Listening to Air Force Gen. Douglas Fraser, chief of the U.S. Southern Command (USSOUTHCOM) speak at a breakfast meeting with reporters on Wednesday was like sitting through a refresher course on the latest strategic guidance released by the Pentagon earlier this year.
In that paper, the defense department said that it wants to be the “security partner of choice, pursuing new partnerships with a growing number of nations” to “develop innovative, low-cost, and small-footprint approaches to achieve our security objectives, relying on exercises, rotational presence, and advisory capabilities.”
Welcome to the world USSOUTHCOM has been living in for years.
Like most any combatant commander anywhere, Fraser needs more of everything. By today’s standards, “everything” means more UAVs, more ships, and new surveillance technology like foliage-penetrating radar that can spot insurgents and drug runners in the triple canopy jungles of Central and South America.
But the general is also realistic. With the war in Afghanistan still very much on, Fraser knows that getting that gear to the Southern Command theater of operations is easier said than done. “The real need is just vessels to be able to intercept [illegal shipping] and the way we’re addressing that is to build partner capacity,” Fraser said. “We’ve provided some interceptor vessels to our partners … those are Boston Whaler type vessels with a small radar and communications capabilities … we’re working to build that international capacity.” In the end, “the capacity to intercept is where we’re really lacking.”
And here’s where building partner capacity comes in. Fraser said that Panama recently purchased 19 maritime radars, and that the Nicaraguan Navy is a “very reliable” partner in intercepting ships. To underscore that last point, the Nicaraguan Navy seized more than two tons of cocaine in an operation along the its eastern coast recently, which is almost half of the 4.7 tons its seized in all of 2011.
And then there’s Colombia, which has received about $8 billion in U.S. military and law enforcement aid over the past decade. The government in Bogota has been able to dismantle the largest drug cartels—which shouldn’t be confused with stopping the flow of cocaine, which continues to gush out of the country in torrents—and reduced the FARC rebel group to a significant degree.
Given this experience, the Colombians have now “become very much externally focused” Fraser said. The Colombian military has an agreement with the Dominican Republic to help the island nation monitor illegal aircraft and train their Super Tucano pilots, while “doing something similar with Honduras, and training Mexican helicopter pilots in Colombia.” The funding for this pilot training comes form the U.S.-provided Merida Initiative that is aimed at assisting the Mexican government fight its own drug cartels. Colombia also operates Marine and Navy training centers where they host training classes for partner nations from across the region, as well as hosting a police training center for partner nations. “Chile is also providing law enforcement and military training and support” across the region, Fraser said.

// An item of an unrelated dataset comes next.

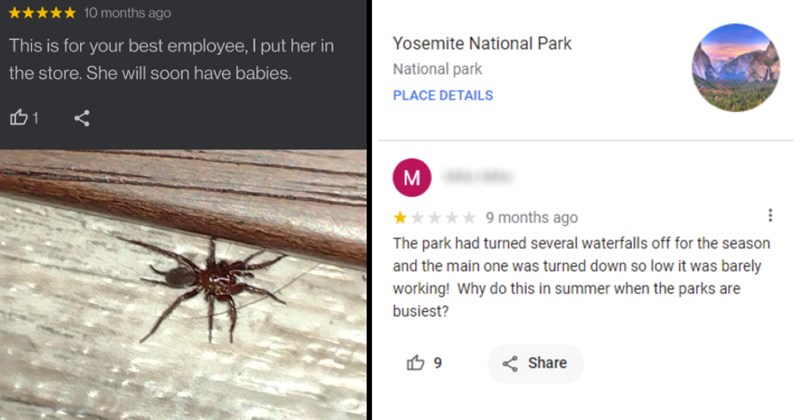 20+ Entertaining Google Reviews That Are as Funny as They Are Informative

While this all fits nicely with the DoD’s new strategy of helping partners help themselves, Fraser said that in the end the United States and its regional partners are only able to intercept about 33 percent of the drugs and illegal goods flowing north out of the region. The low number is partially the result of the “limitation on the number of assets” that he has at his disposal.
The problems that the Littoral Combat Ship has faced over the last several years are also having a negative impact on the anti-drug fight in the Caribbean Fraser said, adding that as the U.S. Navy retires its frigates, “we’ll see a gap” in the number of ships tasked to the region. The general also said that while USSOUTHCOM can normally rely on an annual visit from a large deck amphibious ship, that won’t happen this year since the operational tempo in other commands is too high. While Fraser said that more UAVs would certainly help and that “we have access to occasional Global Hawk missions," any other UAV assets would need to be “broad area-type UAVs” that would be effective at sea.
Much of higher end equipment that the general wants for his command will have to wait for the war in Afghanistan to fully wind down so those assets can become available, Fraser said. But the command has been busily funding, training, and working with regional partners for years in the hope that they might be able to shoulder more of the effort themselves. Welcome to the DoD’s not-so-new way of war.